俺はその言葉を聞いて、マリの肩を叩いた。
「だったら、今度から助けてやれ」
「え?」
魔力を集中して、ウイの身体に触れる。トールハンマーというよりは、これは悪魔の力の方だろう、滅茶苦茶な力の仕様で、体内の神経がズタボロになっている。切れている血管の数も細かいものをあげたらきりがない。
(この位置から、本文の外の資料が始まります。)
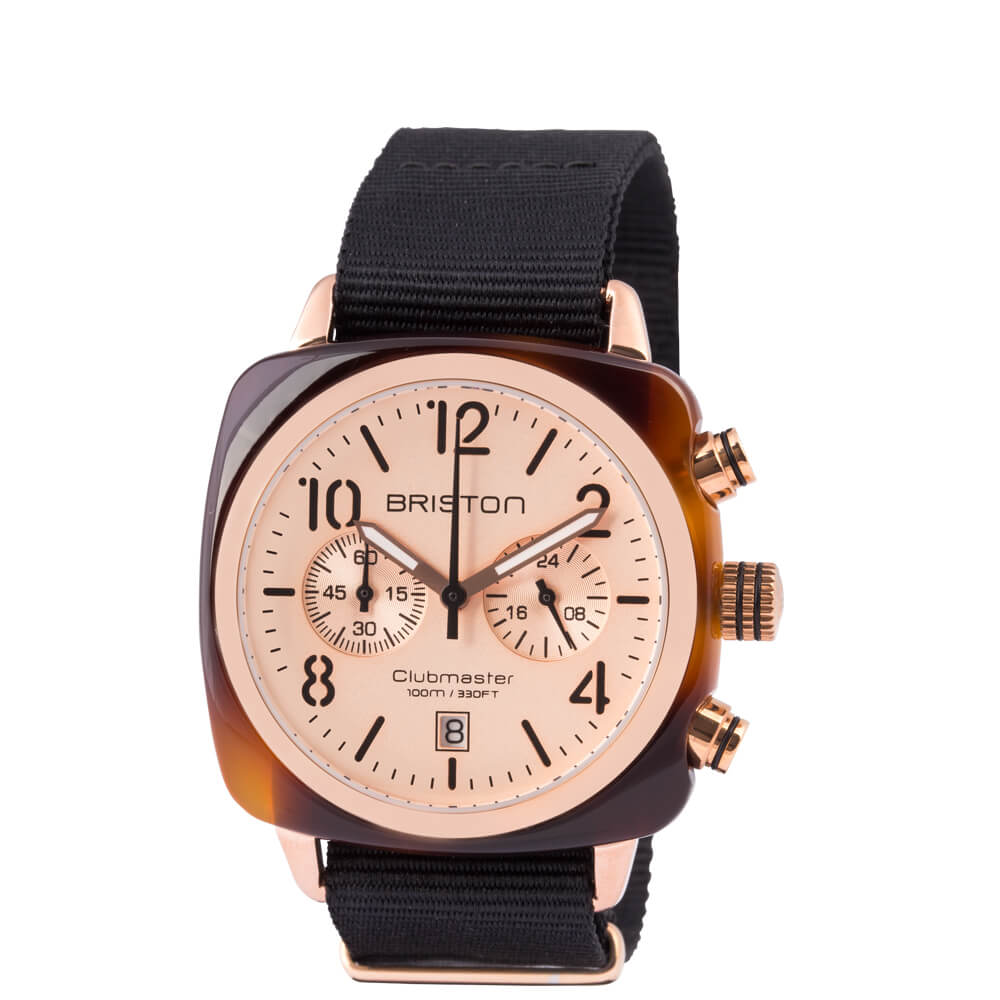 briston-clubmaster-classic-chrono-40-mm-gold-or-rose-montre-quartz-nato-noir image 1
それでも有無を言わさず、治療できるのだから、この力に感謝しよう。
「何で?」
マリがそんな風に聞いてきた。
「世の中、奪う側と奪われる側だけじゃない。与えたり、作ったり、そういう人たちもいる。そういう生き方をするのが、例え損をしたとしても一番偉いんだ」
「青田泰裕」
「青田?」
新次郎が、俺のヒーローネームを呼ぶ余裕もないほど、激昂して吠えている。
「自分が何をしたか分かっているのか? その行為はヒーロー本部への反逆だぞ。あの時もそうだ、何を考えている」
あの時とは、蘭を連れ去られようとした時だろう。
「そんなことしてたら、お前は上の人間から目を付けられて、トップヒーローになる道を歩めなくなるぞ」
トップヒーロー? 上の人間……それは俺のことを心配しての言葉だった。
それでも俺は……
「例え、それで罰を受けることになったとしても、俺は自分の道を行くよ。損な生き方なのは、分かってるし、後ろ指さされる生き方かもしれない。でも、こういう世の中に見捨てられた人にこそ、俺は手を差し伸べたい」
かつて、俺が手を差し伸べられたように……
「…………」
新次郎は俺のことを真っすぐ見ていた。無言の時間がしばらく続くが、救急車の音がその静寂をかき消した。
「お前が助けたやつは、また人を襲うかもしれないぞ。そのせいで被害が出たらお前はどうする?」
「その時は、また俺が倒すよ」
「あくまで、倒すか……どうせ、極刑を免れないのにお前は馬鹿だな」
そう言って、新次郎は笑ったと思うと、マリの方を見た。
「良かったな。うちのボスが馬鹿で……」
「?」
今、何て言った。ボスって聞こえたぞ、そんなの光にも鳳凰院先輩にも言われたことない。
「新次郎、もう1回、『ボス』って言って」
「嫌だ」
そんな会話をしていた裏で、学校に21の魔の手が迫ろうとしていたことを、俺は知らなかった。